I also enjoyed badminton at college; it had some addictive qualities.
When I went to university I started playing volleyball for the first time. Because not many people played volleyball, there was basically one competitive team in the Waikato. I was the worst player by far. The others had grown up playing and came from regions where it was strong.
I'm surprised I stuck with it; I had no idea what I was doing that first year but I really liked it. I remember thinking I could have been good if I had started earlier in life. Of all the sports I've ever tried, volleyball was by far the hardest to master. The timing and precision needed to merely execute the basics takes a long time to develop.
After three years, I got decent enough. But once I left university I played sporadically because I kept moving around and it's a big commitment if you want to play at a serious level.
I played a bit of squash at university, just with a few mates, but I remember it was also quite addictive.
Netball was the constant.
But when I moved to South Korea to teach English, where I was for three years, there was no netball. I ended up playing touch rugby organised by a bunch of expats.
I had previously played the odd game at school and never really took to it, but in that new environment I found myself really enjoying the game.
I think part of the reason was because there weren't many super stars in South Korea; we were a fairly rag-tag bunch of stragglers, so it was a pretty even playing field. Not like at home when as a woman you're mostly stuck out on the wing.
The social aspect of the game there was a huge part of my expat experience.
But in my last year there, I discovered netball had been introduced to a handful of middle schools.
Through the help of a South Korean friend-cum-interpreter, I was able to set up some friendly games for expats against 12 and 13-year-old girls.
First we would teach the girls a few drills, then the expats would head down and have a game. It was hilarious.
Coming from a fairly conservative country, the middle schoolers were shocked that we had a mixed team, that men and women played together. They were also taken aback by the speed with which we played.
When I returned to New Zealand, I continued to play touch but it just wasn't the same. I still play the odd game but the thought of soggy fields and burning lungs held much less appeal.
So, I was missing playing a summer sport and thought I had exhausted my sporting options.
But about three months ago there was a pamphlet in my letterbox inviting people to open days at the Newlands-Paparangi Tennis Club.
Tennis was something that never hugely appealed to me but I have always enjoyed watching the grand slams on television.
So about two months ago I went to a club night. I have turned up to countless sports' trainings, trials, and events over the past 30-odd years but there was always a sense of trepidation. Will they be too good? Will I be out of my depth?
And it always turned out just fine.
The people at the tennis club are friendly; frankly, they are just happy that new members want to join. And there are all different levels: Beginners like me, people who started late in life and have only been playing a couple of years, and those who have been playing forever.
I enjoyed it immediately.
I've never understood people who don't like a single sport. I believe there is a sport out there for everyone.

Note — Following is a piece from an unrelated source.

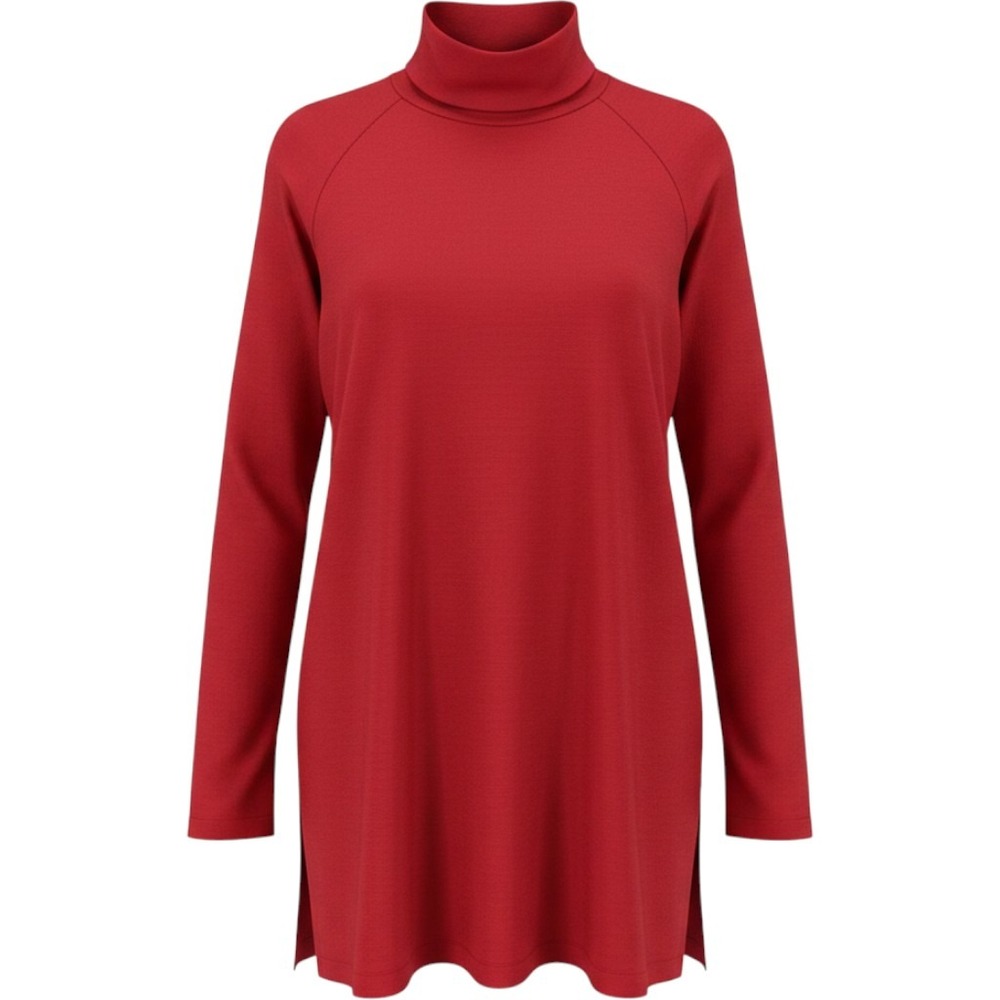 J. Jill Luxe Supima Everyday Turtleneck Tunic Women L Red Stretch Cotton Blend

I also don't understand those who don't have any competitive streak, nor get a sense of satisfaction out of hitting the living daylights out of a ball, pulling off an unlikely intercept, or nailing a goal.
That's exhilarating to me.
It's also a thrill to see yourself improve. To remember what it is like to learn a new skill, which is what we constantly do when we're young.
I've since had a few private lessons for the first time in my life, but that's what they do in tennis.
Grant, who's been at the club for 40 years, has been helping me. He says I've got good hand eye co-ordination, probably from my cricketing years. I think my years playing netball and volleyball gave me good footwork and anticipation too.
And even badminton would have given me a feel for the overhead smash.
I am gutted I missed the halcyon days of the 70s, 80s and early 90s, when clubs were really thriving. Barry Teale has been involved in the Newlands-Paparangi Tennis Club for 40 years. Back then they had 68 seniors - now they have just nine.
Barry remembers when people used to form a social life around the club. They used to have a bar but had to give it up when regulations became too difficult. Sundays were the big day before then.
I wonder why I didn't try tennis earlier, although if I did I probably wouldn't be having this much fun now.
This will keep me going another 20 years, at which time I might be ready for lawn bowls.